Au milieu de l'année 2006, Ngudjolo a signé un accord avec le gouvernement congolais pour le désarmement et l'intégration des forces du MRC sous son commandement dans l'armée nationale. Il a également été promu au grade de colonel. Aucune autre enquête n’a été menée sur son implication dans de graves violations des droits humains. En novembre 2007, Ngudjolo a quitté Bunia pour suivre une formation militaire à Kinshasa, où il a été arrêté en février 2008 en réponse au mandat d’arrêt de la CPI.
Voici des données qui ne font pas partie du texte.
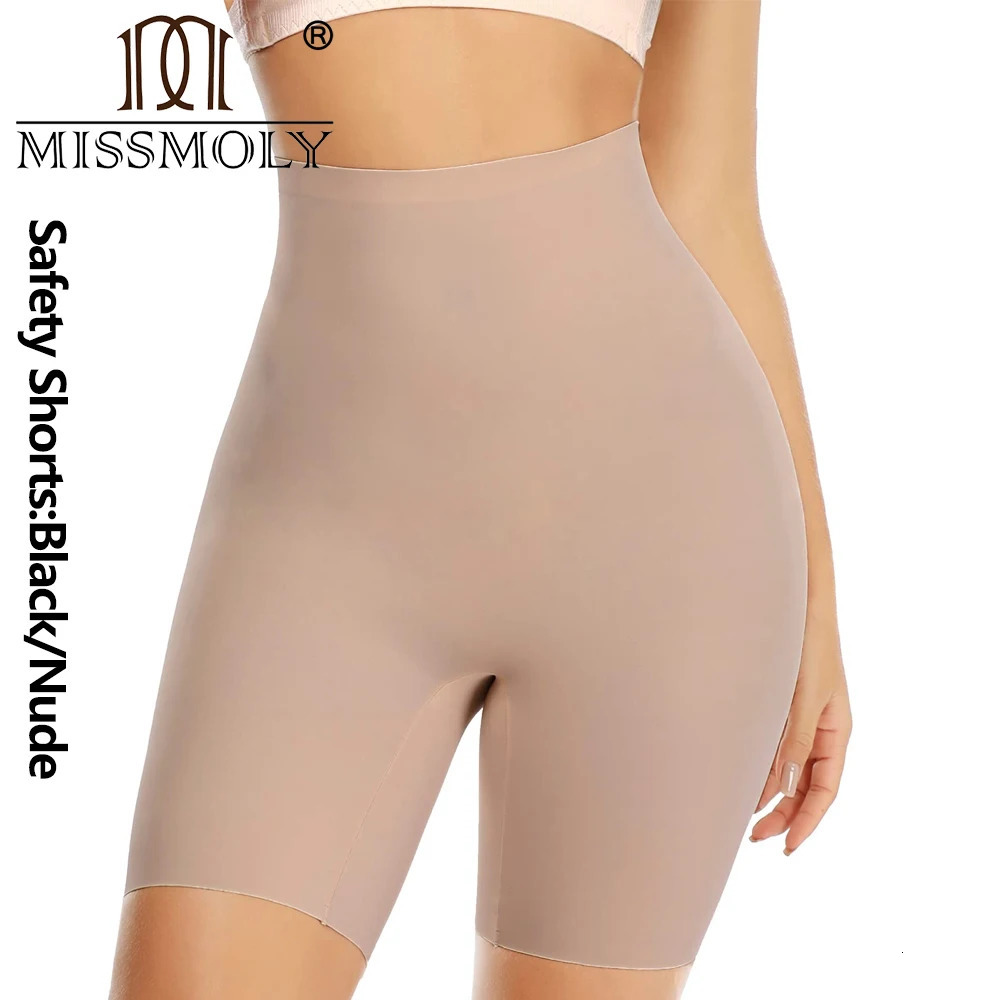 MISS MOLY High Waist Safety Shorts Women Solid Tummy Control Pes Shaper Slimming Waist Smooth Body Female Underwear 250517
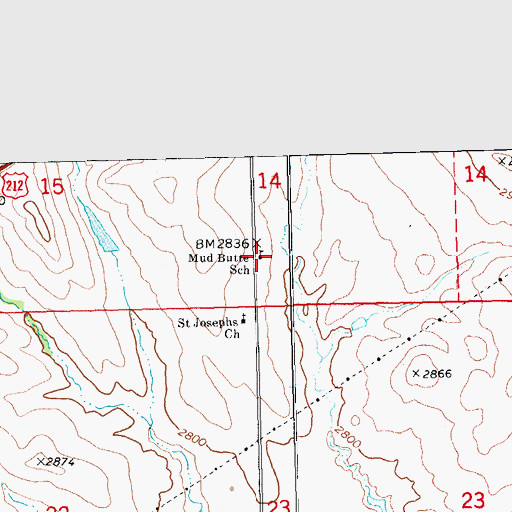Topographic Map of Mud Butte School, SD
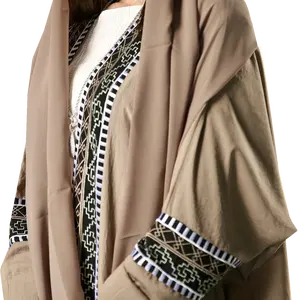 Vente en gros Abaya personnalisée fabrication de haute qualité islamique musulmane Abaya Dubaï Qatar ouvert Abayas attaché hijab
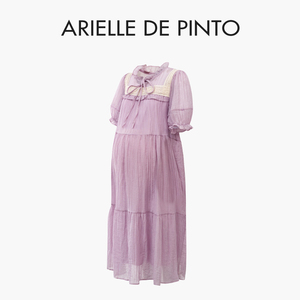 法国ARIELLE DE PINTO孕妇装夏款法式温柔气质淑女减龄紫色连衣裙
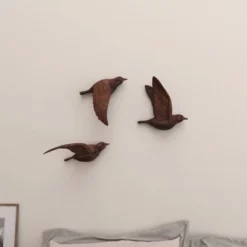 Set Of 3 Metallic Flying Bird Sculptures Wall Decor - Olivia & May -Safavieh Outlet Store GUEST 8951b6ee ee52 451e bd75 98656071f4c6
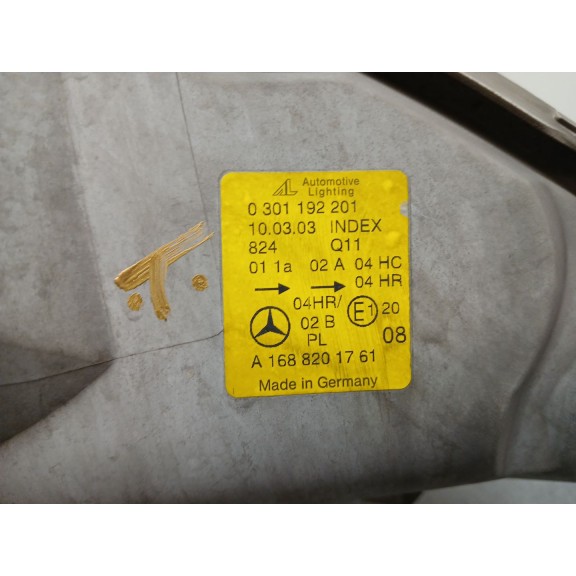 Recambio de faro izquierdo para mercedes-benz clase a (w168) 140 (168.031) referencia OEM IAM a1688201761  0301192201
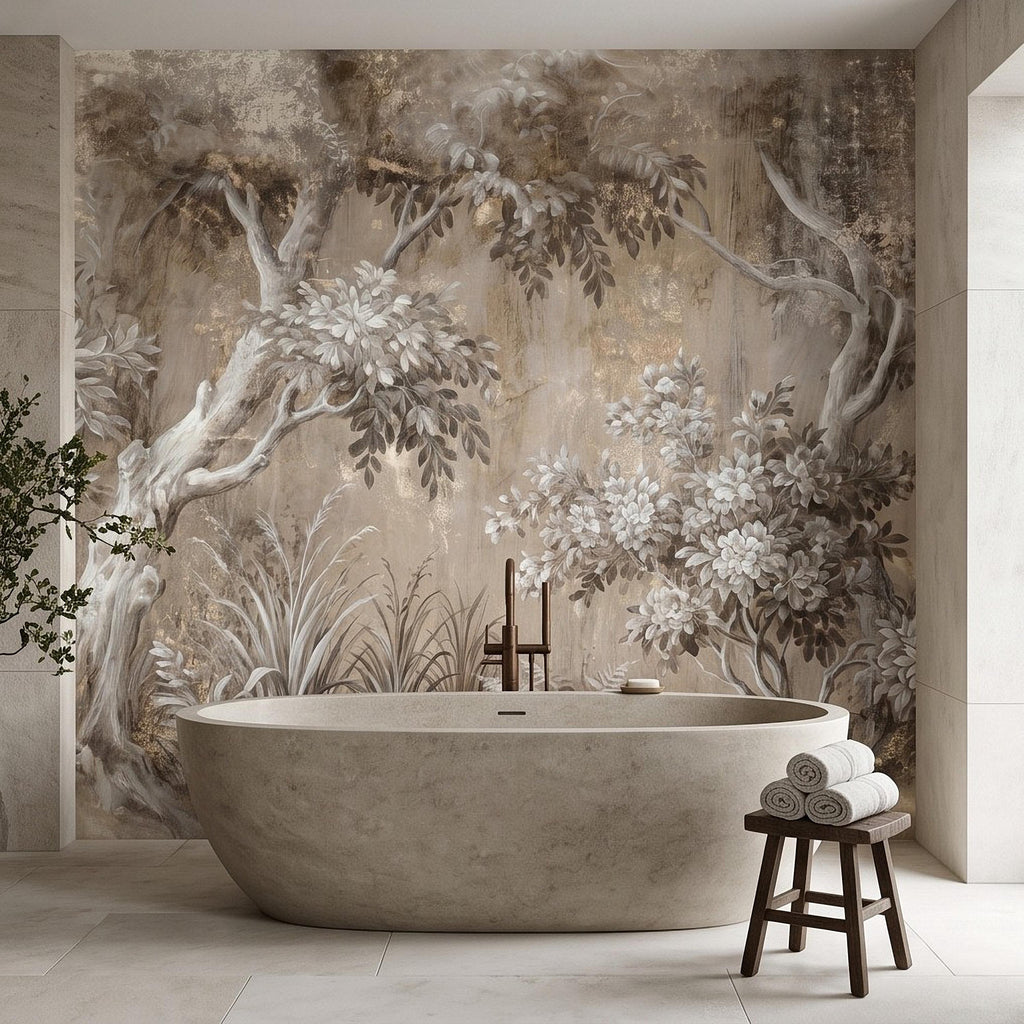 Woodland Forest Peel and Stick Wall Mural, Neutral Trees Blooming Branches Vintage Sepia Botanical Wallpaper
Le FNI et son organisation alliée, la FRPI, ont reçu un soutien militaire et financier de l'Ouganda et, à partir de fin 2002, du gouvernement congolais à Kinshasa qui tentait de regagner le territoire dont s’était emparé la milice de Lubanga, l’UPC soutenue par le Rwanda. Lorsque les forces ougandaises se trouvaient en RD Congo en 2003, elles ont effectué des opérations militaires conjointes avec le FNI et la FRPI. En 2002 et 2003, le FNI et la FRPI ont également bénéficié d'une formation et d'un soutien militaires prodigués par un groupe rebelle national, le Rassemblement congolais pour la démocratie - Mouvement de libération (RCD-ML), alors dirigé par Mbusa Nyamwisi, qui a par la suite occupé des fonctions politiques de haut niveau à Kinshasa, dont le poste de ministre des Affaires étrangères de 2007 à 2008.

Le procès de Ngudjolo et de Katanga a débuté le 24 novembre 2009. Ils ont été mis en accusation comme co-perpétrateurs indirects de sept charges de crimes de guerre et trois charges de crimes contre l’humanité. Le Bureau du procureur a appelé 24 témoins et les avocats de la défense pour Katanga et Ngudjolo ont respectivement appelé 17 et 11 témoins. Les accusés eux-mêmes ont comparu en tant que témoins – une première à la CPI. Les avocats de Ngudjolo ont présenté leur plaidoirie finale le 11 novembre 2011, moins de deux ans après le début du procès.